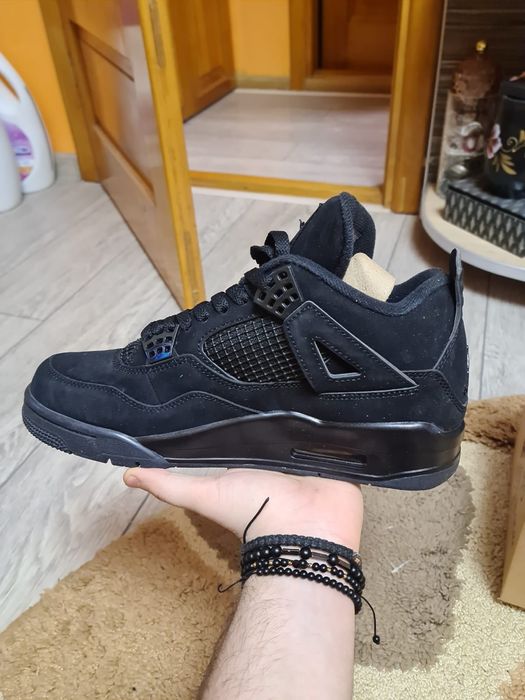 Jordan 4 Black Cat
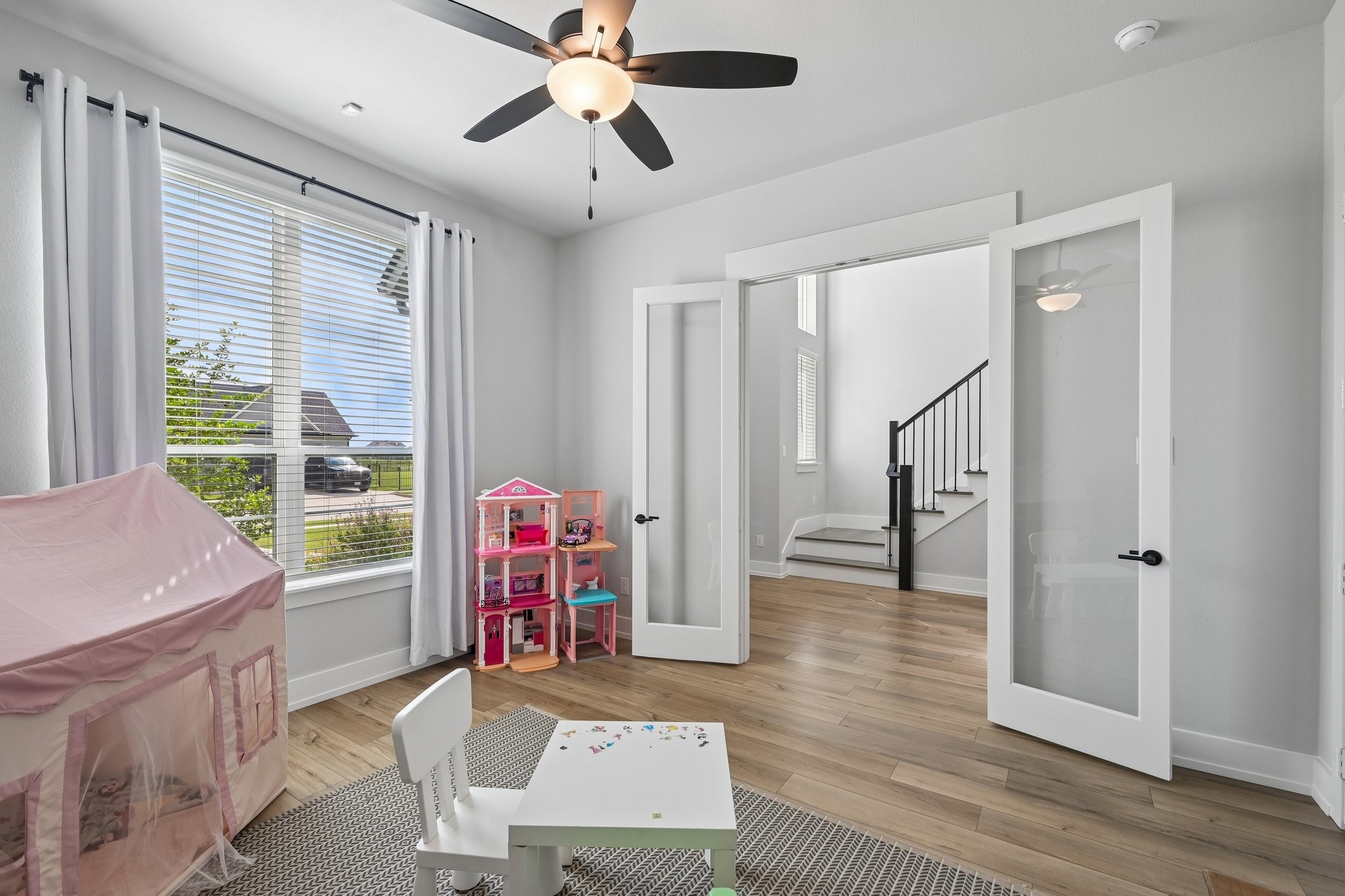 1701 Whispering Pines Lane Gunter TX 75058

* * *

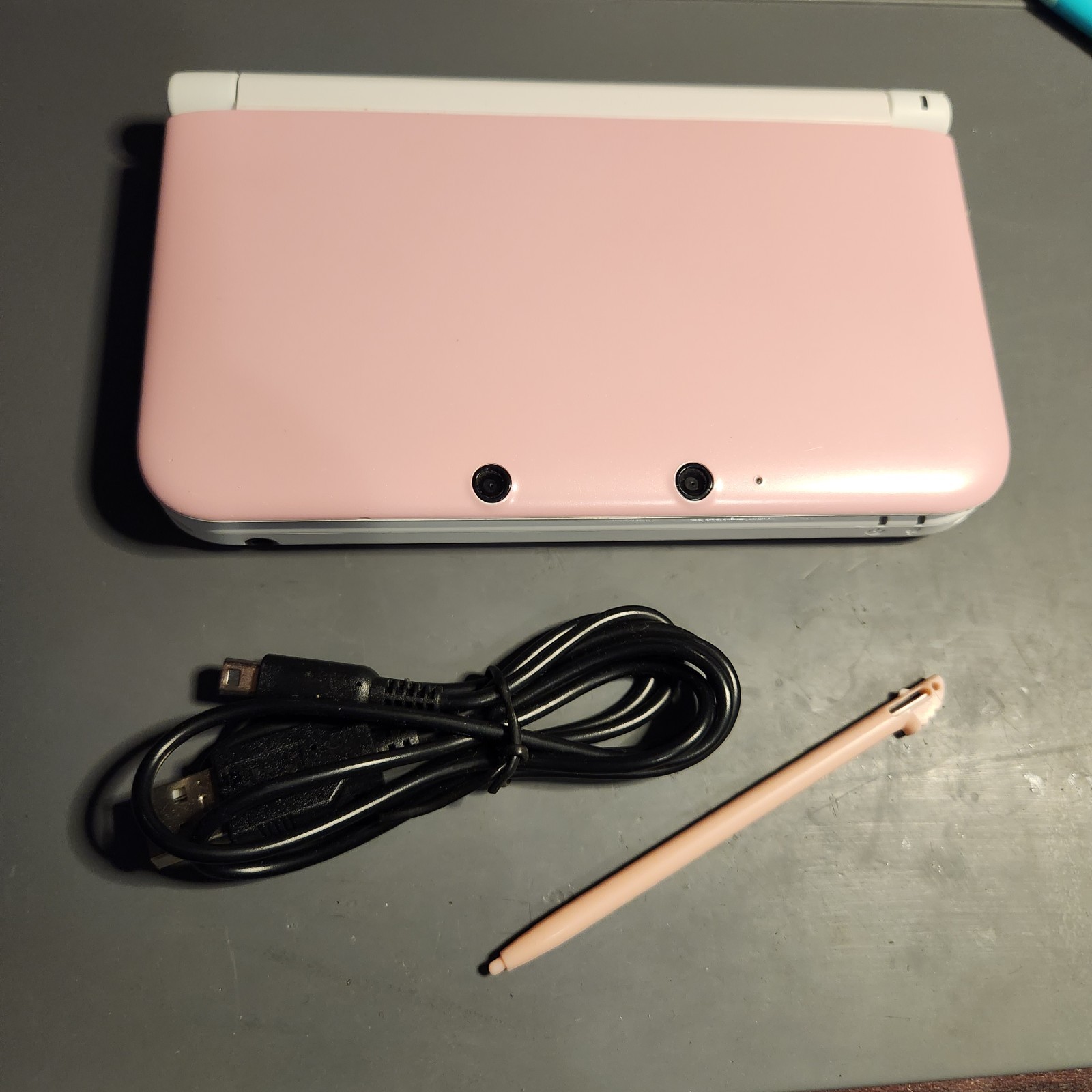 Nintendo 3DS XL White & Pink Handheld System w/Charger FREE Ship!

--

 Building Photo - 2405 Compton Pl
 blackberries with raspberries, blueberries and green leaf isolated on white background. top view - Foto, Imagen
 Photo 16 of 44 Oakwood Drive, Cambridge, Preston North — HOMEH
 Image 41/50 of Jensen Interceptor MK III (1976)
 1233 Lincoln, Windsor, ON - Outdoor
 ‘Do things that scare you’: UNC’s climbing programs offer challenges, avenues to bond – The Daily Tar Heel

→ **TASK INSTRUCTIONS**
Using the data above, extract exactly the lines from the one that holds "Photo 16 of" to the one that holds "Daily Tar Heel", both ends included, and no others.

→ **ANSWER SECTION**
 Photo 16 of 44 Oakwood Drive, Cambridge, Preston North — HOMEH
 Image 41/50 of Jensen Interceptor MK III (1976)
 1233 Lincoln, Windsor, ON - Outdoor
 ‘Do things that scare you’: UNC’s climbing programs offer challenges, avenues to bond – The Daily Tar Heel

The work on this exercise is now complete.